PreK and K Sharing. It addresses the latest phenomenon of kindergarten "red shirting". Just to be clear, keeping your child who would benefit from another year of maturing, playing and growing at home and/or preschool is NOT red shirting your child. It refers to a child who is more than ready for kindergarten (usually already 5 to 5 1/2 years old), but parents keep him or her out of school to provide an academic and/or athletic advantage over other children and to be certain their child will be the "top dog" in the class. Click here to go read my article and be sure to share with any and all who would benefit from a little bit more information in this type of decision.
We introduced time to the hour this week. Although analogue clocks are no longer prevalent in this society, it is still important that children learn how to tell time this way. They pick up on it so quickly and are really excited about learning more and more about time! Although time to the hour doesn't appear in the Kindergarten Common Core Standards, it is explicit in first grade and states:
Tell and write time in hours and half-hours using analog and digital clocks.
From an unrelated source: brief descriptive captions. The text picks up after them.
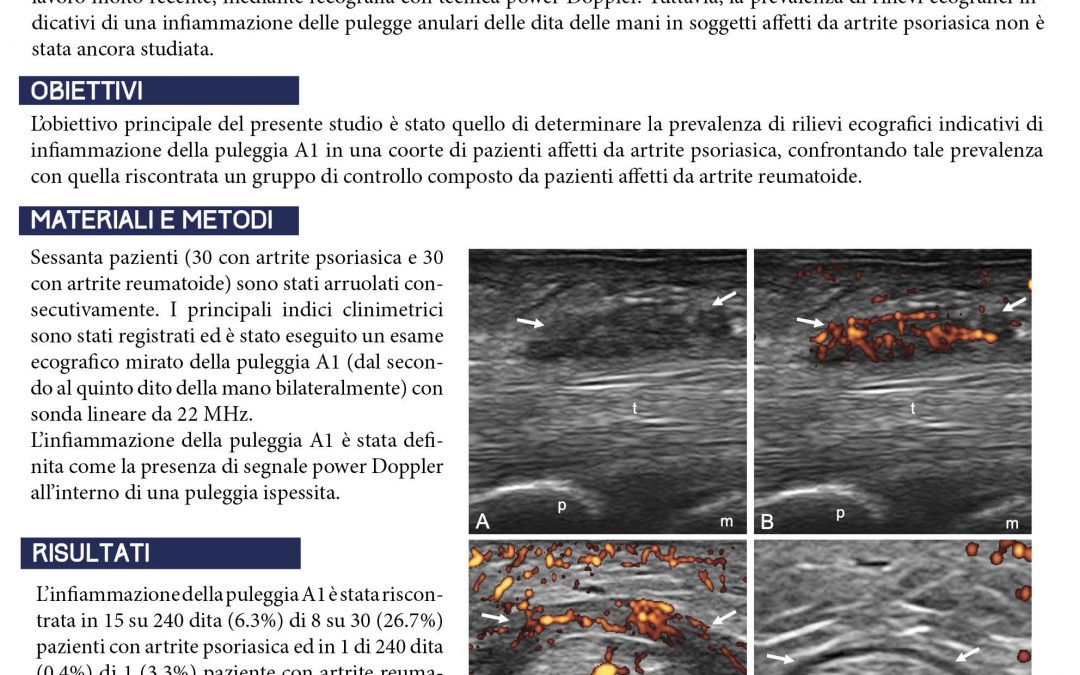 La valutazione ecografica della puleggia A1. Un nuovo target dell’infiammazione in corso di artrite psoriasica?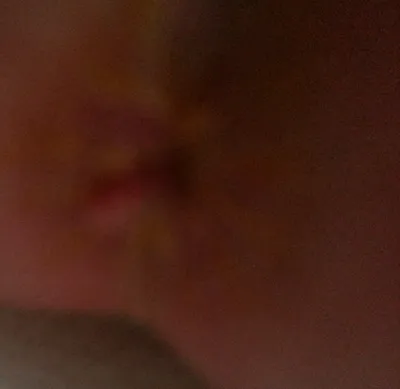 У новорожденного на анальном отверстии розовая шишечка - Вопрос детскому  хирургу - 03 Онлайн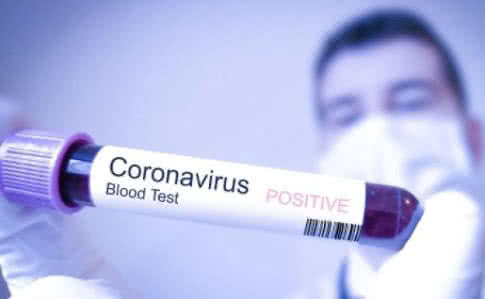 За минулу добу на Закарпатті виявлено 29 випадків коронавірусу. Про це повідомляють у Департаменті охорони здоров’я Закарпатської ОДА.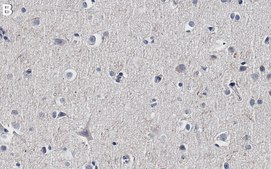 Anti-Tau Antibody, clone Tau 12 ZooMAb&#174; Mouse Monoclonal recombinant, expressed in HEK 293 cells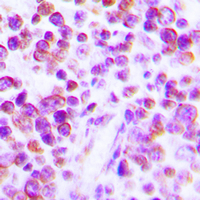 TNF Alpha Antibody - Immunohistochemical analysis of TNF alpha staining in human tonsil formalin fixed paraffin embedded tissue section. The section was pre-treated using heat mediated antigen retrieval with sodium citrate buffer (pH 6.0). The section was then incubated with the antibody at room temperature and detected using an HRP conjugated compact polymer system. DAB was used as the chromogen. The section was then counterstained with hematoxylin and mounted with DPX.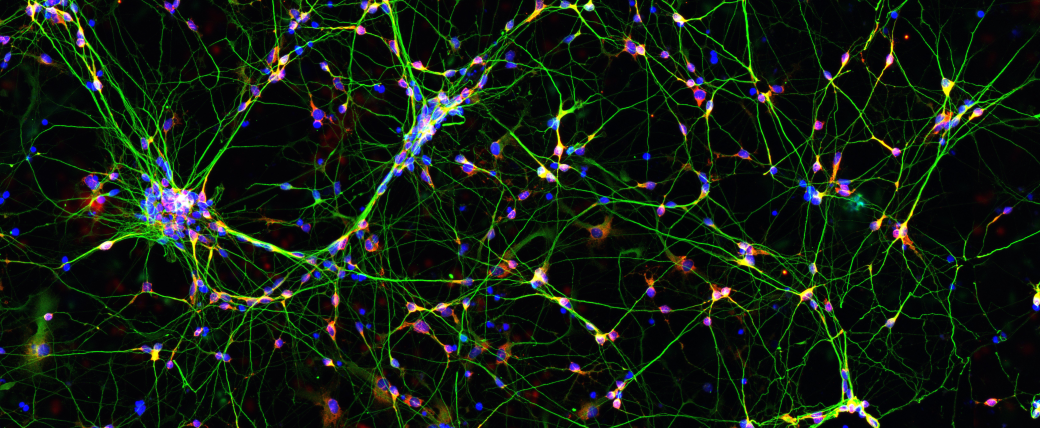 A criss-crossing, 3D network of neurons, with many wiry green axons connecting many blue nucleii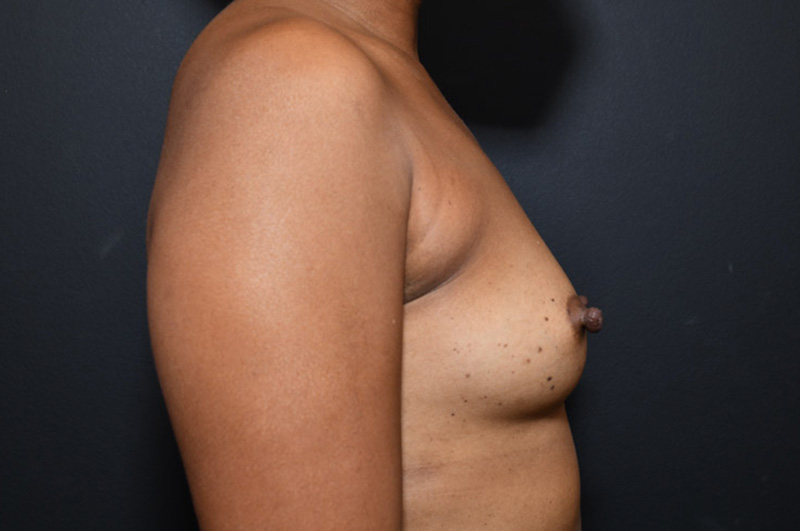 Breast Augmentation Before and After | Northside Plastic Surgery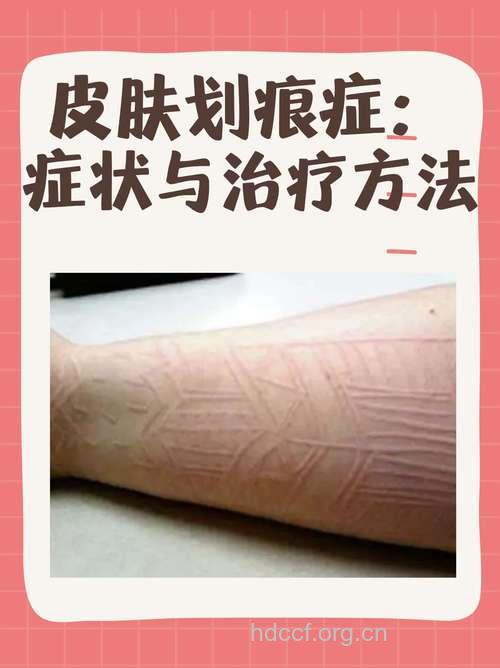 如何防治皮肤划痕症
My kindergarten students will always know how to tell time to the hour before they move on to first grade regardless. It is one of those things that I will not let go even though the CCS doesn't suggest its necessity.
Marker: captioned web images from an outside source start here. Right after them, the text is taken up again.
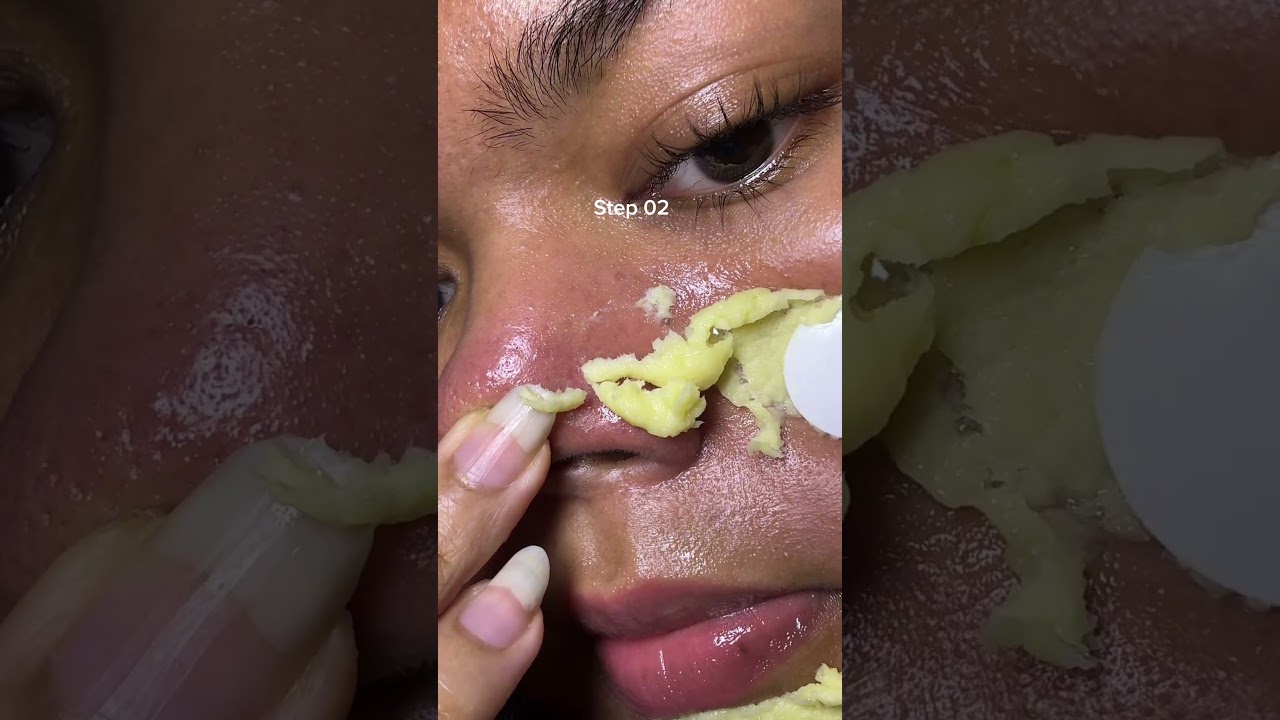 Dealing with blackheads, whiteheads & clogged pores?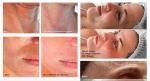 Beauty Salon Ultrasound Treatment Machine LDM Facial Skin Tightening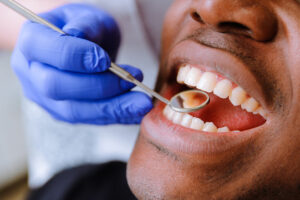 Preventing gum disease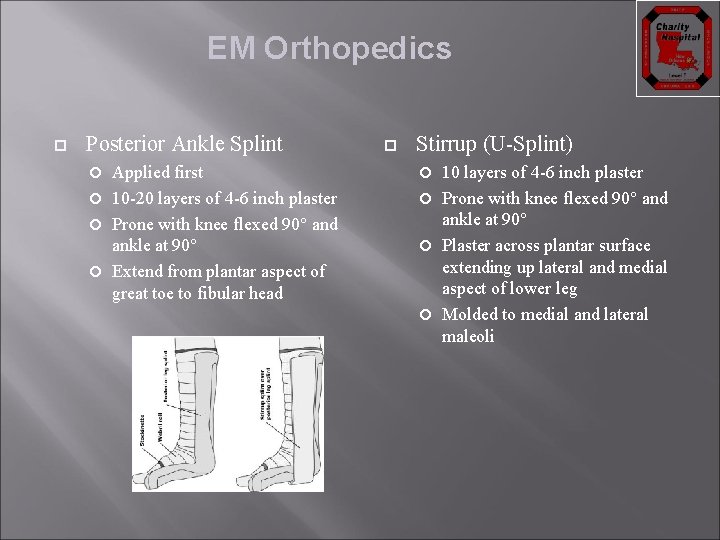 EM Orthopedics Posterior Ankle Splint Applied first 10 -20 layers of 4 -6 inch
Here is a great video to introduce time to the hour:
I always use the nursery rhyme Hickory Dickory Doc during this unit. With both this video and the following book, you can have students hold a mini clock and change the clock at each page or verse of the story to practice and review time to the hour. It is a great informal assessment to see who is getting it and who is not.
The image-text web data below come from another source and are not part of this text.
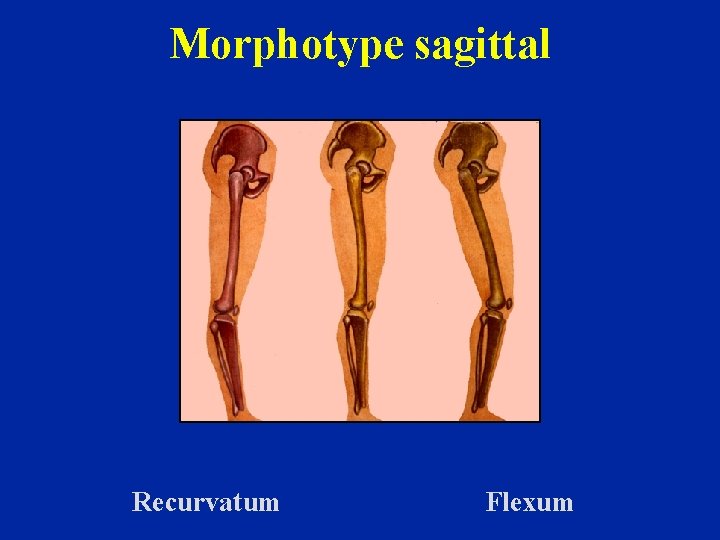 Morphotype sagittal Recurvatum Flexum 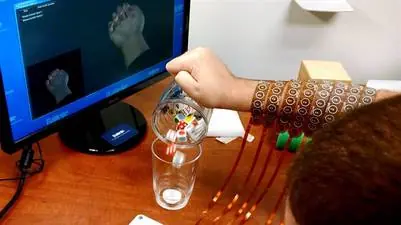 Un microchip ayuda a tetraplejico a usar la mano. guiñoguiño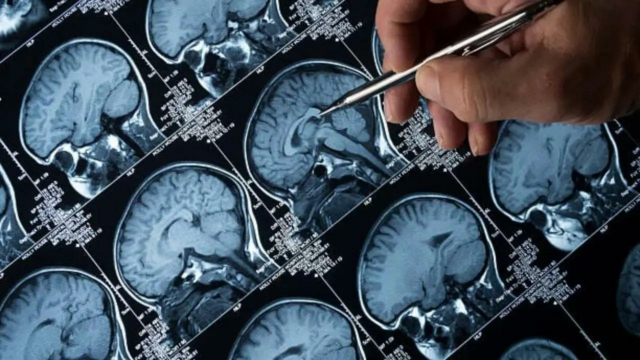 Link da web entre doenças vasculares, perigo de deterioração mental esquecida: estudo de pesquisa 

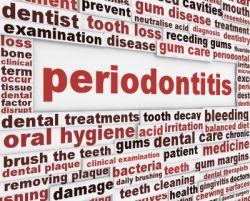 photo_dental_-_text_periodontitis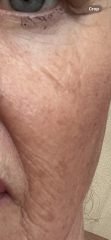 I'm confused, dermatica/skin & me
This is another incredible book by Jim Aylesworth. It is illustrated by the woman who wrote and illustrated The Five Little Monkey series.
We also played a really fun game with a song/video from Jack Hartman and Harry Kindergarten called Hip Hop Around the clock:
You can play this as a game (children dance around in a circle with a mini Judy Clock and make the time it says each time the music stops OR, as my friend Lisa showed me, make clocks of all different times that students hop around on. Whoever lands on the time that Jack says when the music stops is the one who says, "Hip hop, hip hop, it's _______ o'clock". It was really fun and engaging. Oh, wait and it got the children to see, hear, and move to the time (and, essentially, learn their hourly times!).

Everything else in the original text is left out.